The delisting would reduce administration costs and complexity associated with the NYSE listing, he said.

ADRs made up 15% of Telecom's listed shares and the company would retain an ADR programme in the US on the over-the-counter (OTC) market to enable investors to trade their ADRs.

Trading on the OTC market was expected to start on July 10. The company's shares would remain listed and traded on the NZX and ASX.

"We are leaving no stone unturned in our drive to reduce costs and complexity and delisting from the NYSE is a logical step in this process.

"We remain committed to our US investor base and will retain high standards of corporate governance and continue to provide comprehensive and transparent financial reporting," Mr Olsen said.

Harbour Asset Management managing director Andrew Bascand said Telecom had provided returns to investors of 50% in the past year. About 10% of the return had been through dividends.

Telecom's current forecast dividend yield had fallen significantly as the price had lifted.

Consensus forecasts had a dividend of 16c or 17c for the next 12 months, he said.

"The market recognised value in the demerger between Telecom and Chorus, with the subsequent buy-back attracting global fund buying."

Telecom was now trading well above the consensus of analysts' discounted cash flow valuations and price targets.

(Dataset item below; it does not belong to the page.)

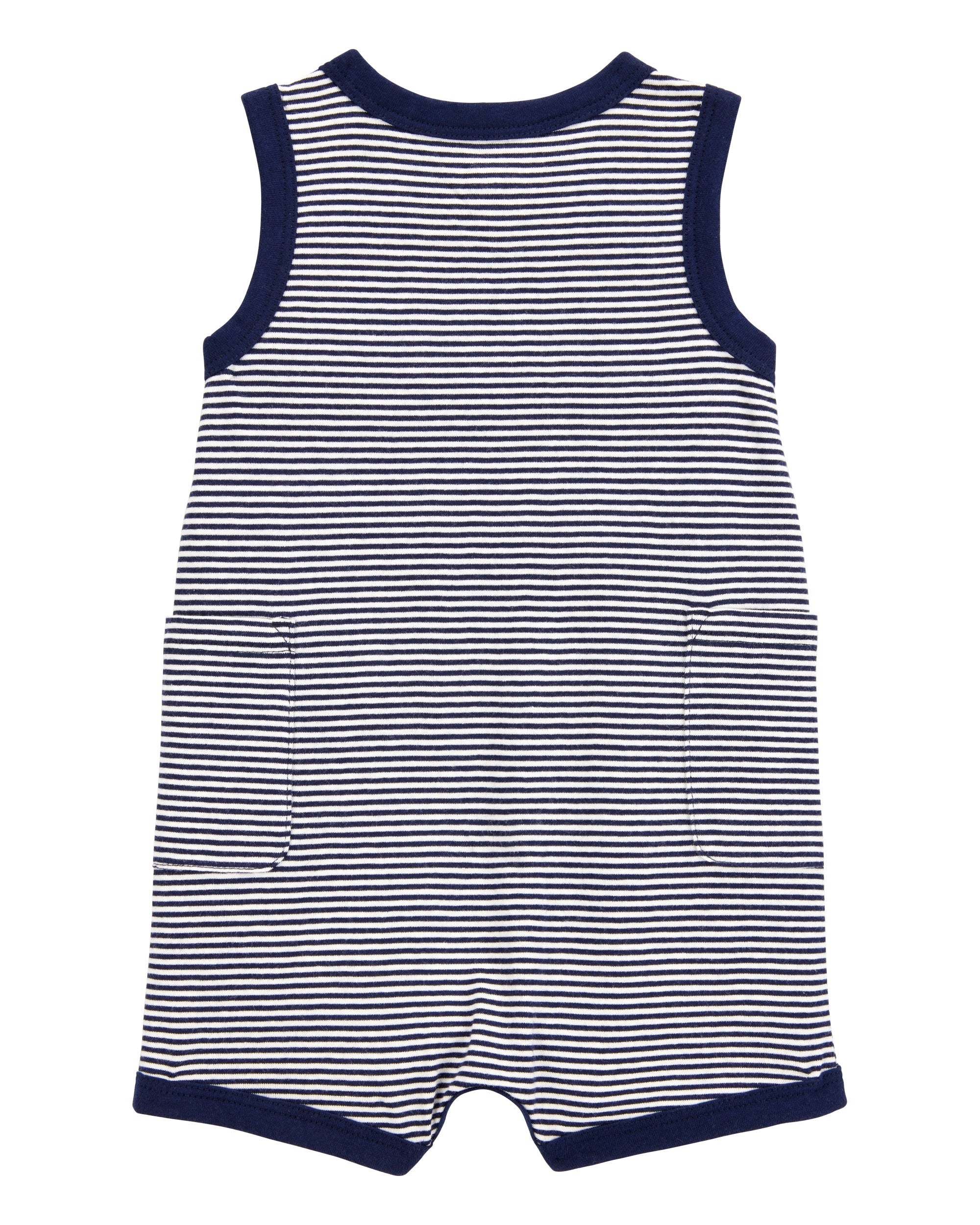 Romper Rayas Azul
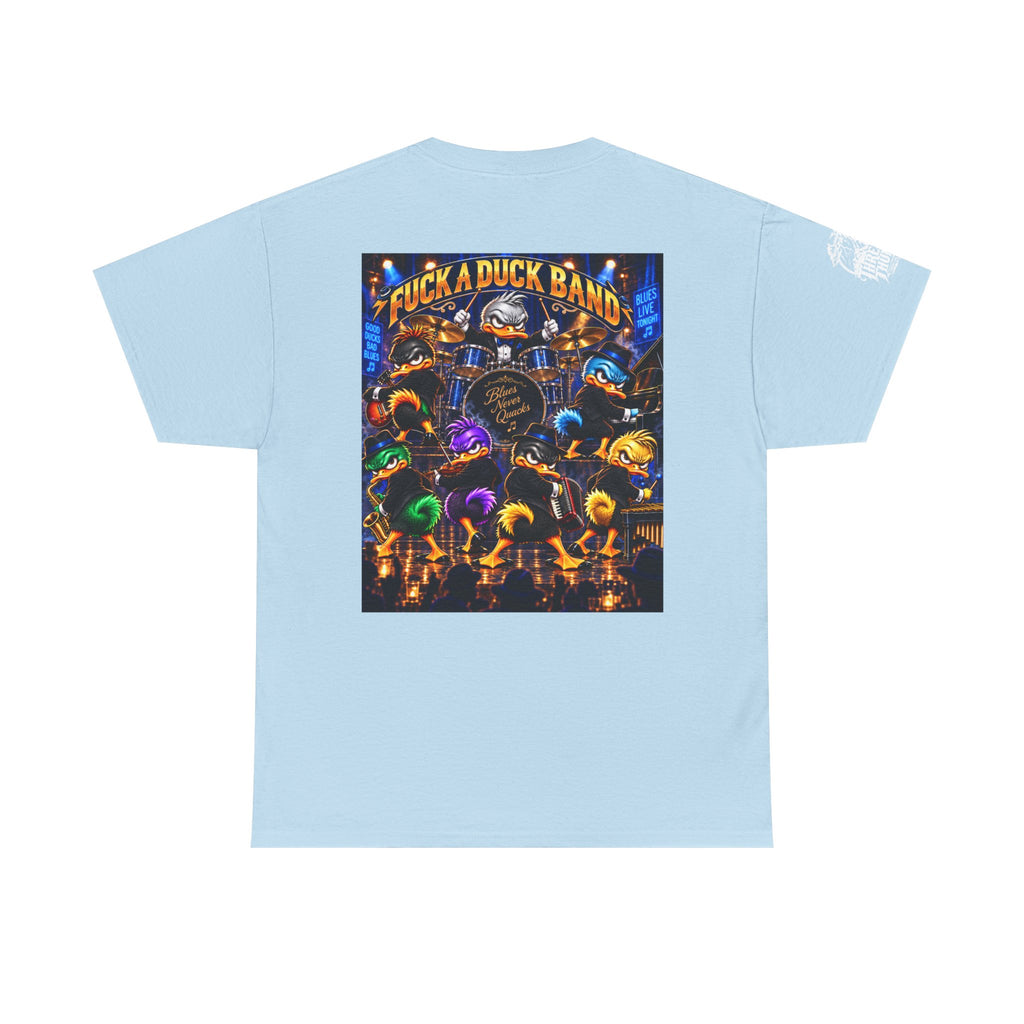 FUCK A DUCK BAND — Backstage Quack Crew Back Graphic Tee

According to UBS, Telecom was trading at a 30% premium to global telcos on a price to cash flow basis.

Several analysts had recently lowered their recommendations and Mr Bascand believed global buying from yield investors or those attracted to the buy-back might dissipate.

"Despite a significant focus on cost-out, it is hard to see Telecom growing profit in the next five years as the roll-out of the ultrafast broadband provides significant competition."

High yields alone might not sustain investor interest, he said.